彼に唯一誰の意見も聞く気のない主張があるとしたら、その"自分が王座につく気はない"というものがそれにあたるのだろう。

代わりに彼は、ずっと探していた。自分の理想を叶えてくれそうな"王"を。

私は────私は、そこだけは自分の本音を彼に言えずにいた。
人って、そんなに皆意思能力が薄弱なのだろうか? わざわざ全ての人の手を引こうとせずとも、レギュラスがただ自分の思想を声高に叫び、歯向かう者とは杖を交え、混沌とした世にひとつの新たな楔を打ち込んでみせれば、必ずそこについてくる者が必然的に現れるのではないか、と思うのだ。

せっかくそんなに面白い世界を描いているのだから、その冠を他人に任せるのではなく、自分で自信を持って被ってくれれば良いのに。私は、彼にならそれができると信じているのに。

────彼は完璧な統率、支配を望んでいた。きっとそれは、"無法地帯だった時代"が彼にとっては"無駄な歴史"でしかなかったから。口では"歴史が変わる時には必ず混乱がつきまとう"と理解しているようだったが、どうにもその本能は鮮やかな革命を求めているように見えてならない…と思うのは、流石に考えすぎだろうか。

とにかく、本名を口にすることすら憚られるという"例のあの人"は、レギュラスが新時代に据える代わりの王にぴったりな人物のようだった。

元々、聖28族の多くにあるように、"純血の者こそが魔法界の頂点となり、マグルに存在を主張すべき"という主義を掲げている者にとって、例のあの人はダークヒーローの象徴だったらしい。彼を賞賛する声が聖28族の末裔たるホグワーツの生徒からも何度か出ていることだけは、私でも知っていた。

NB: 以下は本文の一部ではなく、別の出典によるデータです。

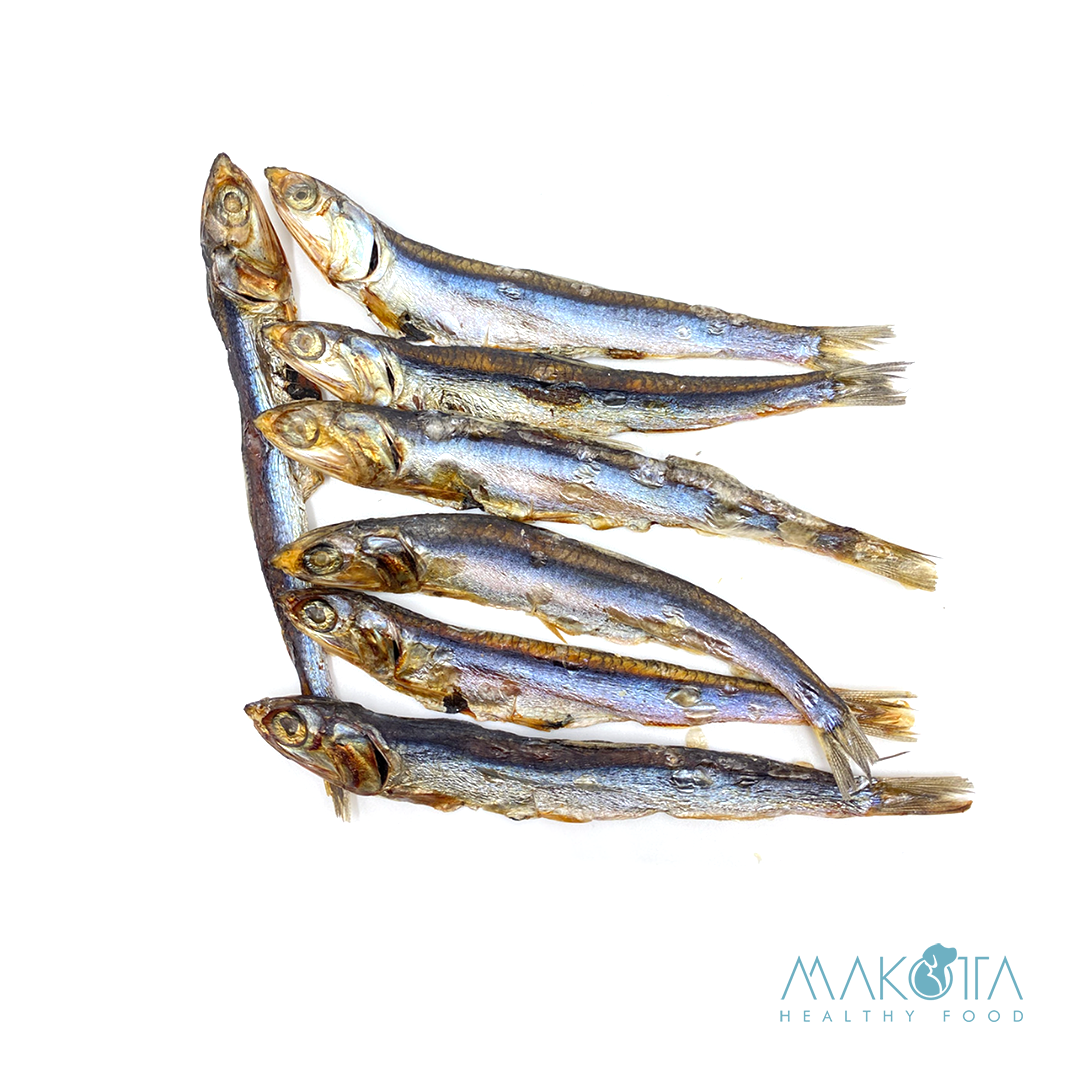 anchovas secas inteiras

だからレギュラスはずっと、例のあの人に接触できる機会を狙っていたらしい。

「闇の帝王は、僕の考えを快く受け入れてくださった! この年でそれだけの未来を描けていることに、お褒めの言葉もくださったんだ。僕に覚悟さえあるなら、ダンブルドアの目が光っているホグワーツの中ででさえも、彼の配下として命に従うことを許してくださると…」

レギュラスは本当に嬉しそうだった。
まるで、初めて笑顔を覚えた子供のように。初めて感情を知った小さな生き物のように。

────こんな顔、見たことなかったな。
私が必要の部屋を紹介した時ですら、ここまで嬉しそうな顔はしていなかった。
そっか。レギュラスも、憧れの人の話をする時にはこんな風に笑うんだ。

私には、どうしてかそれが寂しいような気がして────…でも、そんな風に考えてしまう自分があまりにも分不相応な気がして、なんとか同じ温度の笑顔を捻り出そうとしては見事に失敗してしまった。

「────…君も、やっぱり心配か?」

すると、すぐに私の変な表情に気づいたレギュラスが顔を覗き込んでくる。既に人生一番の笑顔が出たからなのだろう。不安げにしているその顔ですら純朴な少年そのものにしか見えなくて…────私は、彼を今までどこか"大人で、どこか遠いところにいる人"だと思っていたのだと気付く。

彼も、ただの14歳の子供だった。
憧れている人に認められたら喜ぶし、自分の夢が叶うかもしれないと気付いたらはしゃぐ。そして、それを話した時、近しい人に思った反応が返ってこなかったら────不安に思う。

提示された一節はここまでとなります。